Problem details:
Reproduce the entries exactly. Omit none of them.

Supplied records:
★ ★ ★

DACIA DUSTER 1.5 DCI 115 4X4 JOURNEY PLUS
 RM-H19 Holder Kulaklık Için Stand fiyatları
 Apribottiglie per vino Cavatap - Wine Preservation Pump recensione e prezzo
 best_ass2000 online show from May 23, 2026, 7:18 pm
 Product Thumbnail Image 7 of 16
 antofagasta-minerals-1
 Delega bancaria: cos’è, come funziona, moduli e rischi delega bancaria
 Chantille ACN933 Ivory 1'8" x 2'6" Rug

★ ★ ★

Solution for this problem:
DACIA DUSTER 1.5 DCI 115 4X4 JOURNEY PLUS
 RM-H19 Holder Kulaklık Için Stand fiyatları
 Apribottiglie per vino Cavatap - Wine Preservation Pump recensione e prezzo
 best_ass2000 online show from May 23, 2026, 7:18 pm
 Product Thumbnail Image 7 of 16
 antofagasta-minerals-1
 Delega bancaria: cos’è, come funziona, moduli e rischi delega bancaria
 Chantille ACN933 Ivory 1'8" x 2'6" Rug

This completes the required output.